One of my works in progress is tracking the number of NYSE stocks each day that give buy signals and sell signals across different technical indicators. Above are charts for NYSE stocks giving buy vs. sell signals for Bollinger Bands (top chart) and the Commodity Channel Index (bottom chart). (Raw data from the Stock Charts site). As a rule, we see the number of buy signals peak ahead of price during a market cycle and the number of sell signals anticipate a cycle price low. Sell signals for the current cycle peaked in mid-January, with fewer sell signals posted at the late January/early February lows. Buy signals for the current cycle peaked early in February.
One interesting facet of the Bollinger measure is that it is the absence of weakness--and not just the presence of strength--that alerts us to a strong stock market.

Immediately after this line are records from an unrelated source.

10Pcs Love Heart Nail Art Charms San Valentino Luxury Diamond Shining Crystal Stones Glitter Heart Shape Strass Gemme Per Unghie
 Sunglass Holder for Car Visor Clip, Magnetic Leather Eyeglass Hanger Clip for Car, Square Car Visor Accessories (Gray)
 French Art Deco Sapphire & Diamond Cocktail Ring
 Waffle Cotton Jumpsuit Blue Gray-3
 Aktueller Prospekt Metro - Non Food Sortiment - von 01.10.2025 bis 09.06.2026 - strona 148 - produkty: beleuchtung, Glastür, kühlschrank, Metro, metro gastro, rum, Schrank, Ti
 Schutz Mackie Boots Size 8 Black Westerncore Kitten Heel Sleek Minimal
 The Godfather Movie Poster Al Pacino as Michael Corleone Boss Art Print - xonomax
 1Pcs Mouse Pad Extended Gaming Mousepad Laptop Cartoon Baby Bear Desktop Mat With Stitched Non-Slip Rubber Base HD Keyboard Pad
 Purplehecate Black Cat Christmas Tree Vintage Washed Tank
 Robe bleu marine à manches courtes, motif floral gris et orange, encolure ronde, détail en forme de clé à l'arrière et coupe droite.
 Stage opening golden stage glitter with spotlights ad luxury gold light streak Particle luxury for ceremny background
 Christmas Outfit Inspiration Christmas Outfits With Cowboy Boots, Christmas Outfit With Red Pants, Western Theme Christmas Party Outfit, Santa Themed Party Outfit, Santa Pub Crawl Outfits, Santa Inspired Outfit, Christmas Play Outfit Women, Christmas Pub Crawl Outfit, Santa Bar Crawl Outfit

When the market is ready to turn over, there are typically weak shares and sectors leading the way and that shows up as a relatively elevated number of sell signals for the Bollinger Band measure, even as the index price has been near highs. On the other hand, when very few stocks and sectors are weak, the market often drifts higher, as selling pressure is minimal.
For example, I looked at the period from early May, 2014 (when I first began assembling these data) to the present and broke down the number of sell signals for the Bollinger Band measure in a simple median split. When we had few sell signals, the next five days in SPY rose by an average of +.37%. When we had more sell signals, the next five days in SPY rose by an average of only +.06%.
Interestingly, daily sell signals for the Bollinger Band measure correlate only +.07 with the RSI measure and only +.21 with the MACD measure. The absence of sell signals for those latter two indicators has not led to superior returns going forward. Indeed, when we've had few MACD sell signals, the next five days in SPY have averaged a gain of only +.09% vs. +.34% when we've had many sell signals.
It appears that separating the number of buy and sell signals and looking within each indicator captures different time frames and different patterns of momentum and reversal. This strikes me as a most promising area of research, particularly when we focus on technical indicators that are not highly correlated.